- Episode no.: Season 4 Episode 10
- Directed by: Alexander Singer
- Written by: Kenneth Biller
- Production code: 178
- Original air date: November 19, 1997

Guest appearances
- Gwynyth Walsh - Nimira; Wayne Pére - Guill; Rebecca McFarland - Talli; Ted Barba - Malin; Bobby Burns - Frane; Jeanette Miller - Miss Tembit;

Episode chronology
| ← Previous "Year of Hell" | Next → "Concerning Flight" |
- Star Trek: Voyager season 4

= Random Thoughts (Star Trek: Voyager) =

"Random Thoughts" is the 78th episode of the science fiction television series Voyager, the tenth episode of season four. On a spaceship making its way back to planet Earth, they stop by an alien planet. However, they become entangled in a legal proceeding due to the actions of the crew, and they must resolve it before proceeding on. This has been noted as exploration of what it means to control emotions, as often shows have the format of a morality play in the context of science fiction adventure.

This episode was written by Kenneth Biller and directed by Alexander Singer, it aired on UPN on November 19, 1997.

==Plot==
The Federation starship Voyager is orbiting the Mari homeworld, a race of telepaths. As the ship's crew trade for supplies, they find it difficult to haggle and bargain with Mari mind readers. Meanwhile, Lt Commander Tuvok and the city's Chief Examiner Nimira discuss security and maintaining order. Nimira's job is becoming obsolete since there has been no violence in Mari society for years. Tuvok offers to transport her aboard Voyager to demonstrate Starfleet security enforcement. While Captain Janeway and B'Elanna Torres are negotiating for a resonator coil, someone bumps into Torres, momentarily angering her. She calms herself, shrugging it off as an accident. Moments later, they find the man who had bumped into Torres beating another man severely. When Janeway stops the aggressor, he expresses surprise at his own behaviour.

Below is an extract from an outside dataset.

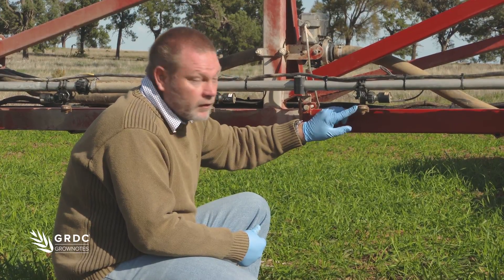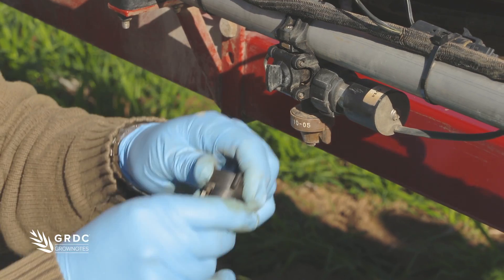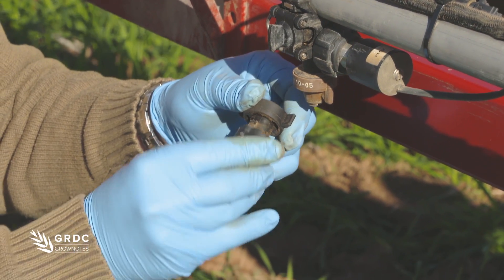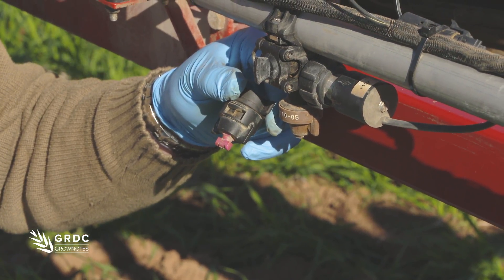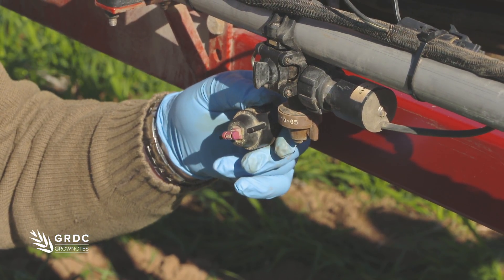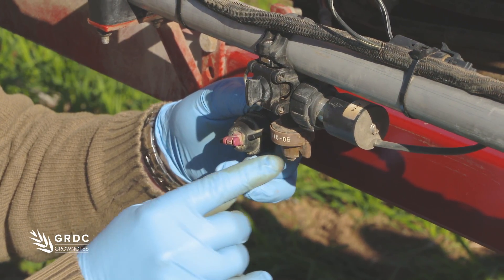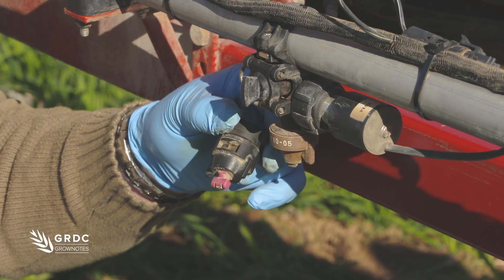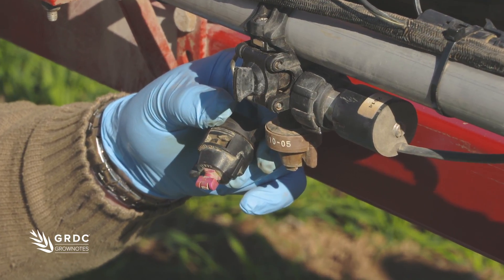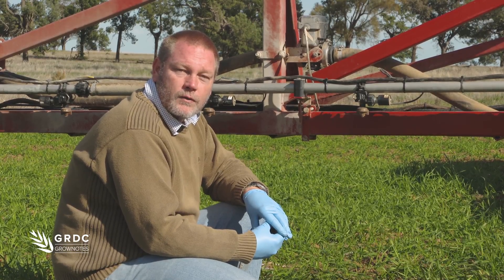With this particular system you can run Wilger nozzles, but you also have the option to buy retrofit caps and run T-jets. Like any other system, you need to check: one, it's going to give the litres per hectare; two, it's going to give you the droplet size or spray quality that you require. But the third thing you need to think about with these systems — and I can't emphasise it enough — is the percentage of time that it's going to be on, or the duty cycle. That is absolutely critical.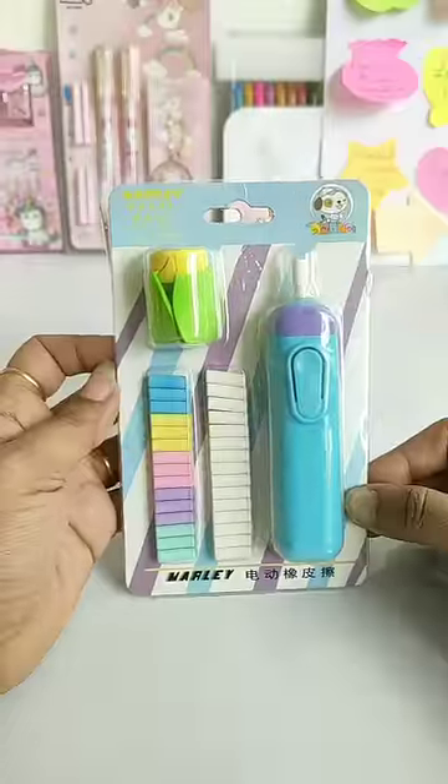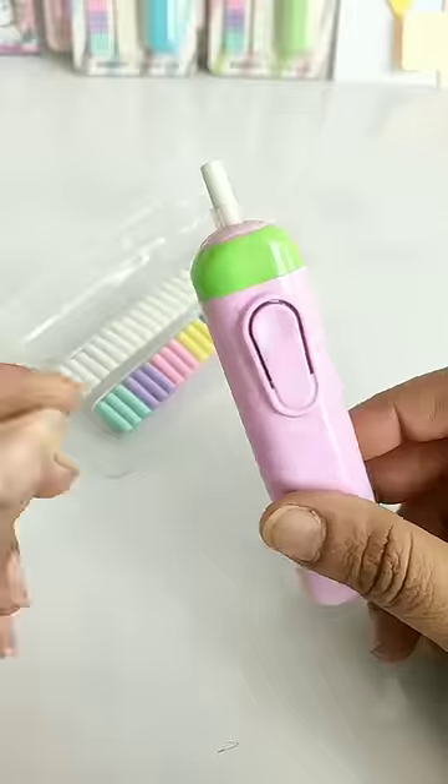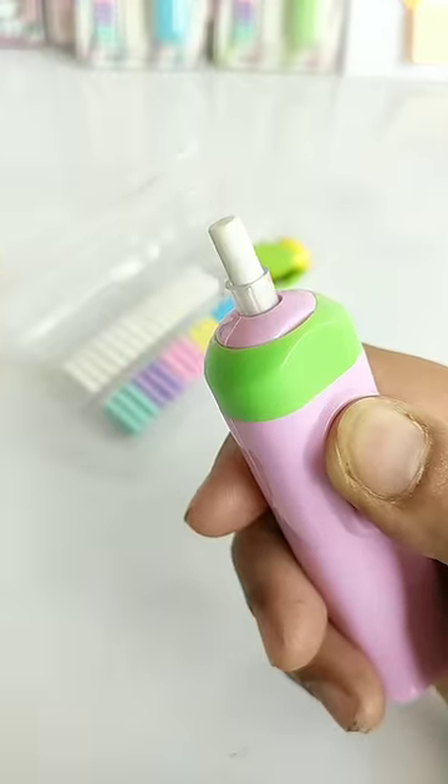Hey guys, today I have brought you this set of very amazing electric penny razor. Let's do the unbox. This is the electric penny razor which is battery operated and works in this way.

While aboard Voyager, Nimira is puzzled by the ship's brig and the concept of incarceration as a form of punishment. She is called back to the surface to investigate the attack, and determines that Torres's angry thought had been transmitted telepathically to the aggressor, making Torres a guilty party. Torres and the aggressor are both sentenced to undergo memory modification to remove the thought. Janeway protests, since this carries the risk of neurological damage. Another violent attack soon occurs with the same memory. Tuvok discovers that the salesman of the resonator coil has engaged in illicit memory trade. Torres's memory had been goaded from her for resale, but it was too violent to be contained, causing the outbursts among the Mari. Due to the new evidence, Torres is released moments before her brain is probed. Nimira is shocked to learn that all thoughts of violence have not disappeared from her people.

Later, Seven of Nine urges the Captain not to visit foreign worlds to avoid such dangerous complications. Janeway rejects this suggestion, saying that Voyager was built for the purpose of exploration.

==Notes==
Nimira's actress, Gwynyth Walsh, was also attracted to the thought-provoking nature of the episode. Shortly after working on the installment, she related, "From my perspective, the episode certainly seemed to be dealing with the censorship issue, which is especially prevalent in the United States right now. The American Far Right [lobby] has a lot of control over what is on television these days, and I think the script attempts to explore the potential negatives of that kind of censorship.

When Tuvok and Guill conduct a mind-meld to exchange violent thoughts, the dream sequence shows images from other episodes and Paramount Pictures productions at the time: for a short moment a scene from the film Event Horizon is visible.

== Reception ==
In 2017, an article on Medium suggested that this was a worthwhile episode of the series for kids to watch, because it shows the importance of a person controlling their emotions.

In 2020, Tor.com rated this 9 out 10, remarking "..this is a strong, powerful Trek episode that beautifully does what Trek does best." and praised the script, characters, and acting.

== Releases ==
In 2017, the complete Star Trek: Voyager television series was released in a DVD box set with special features.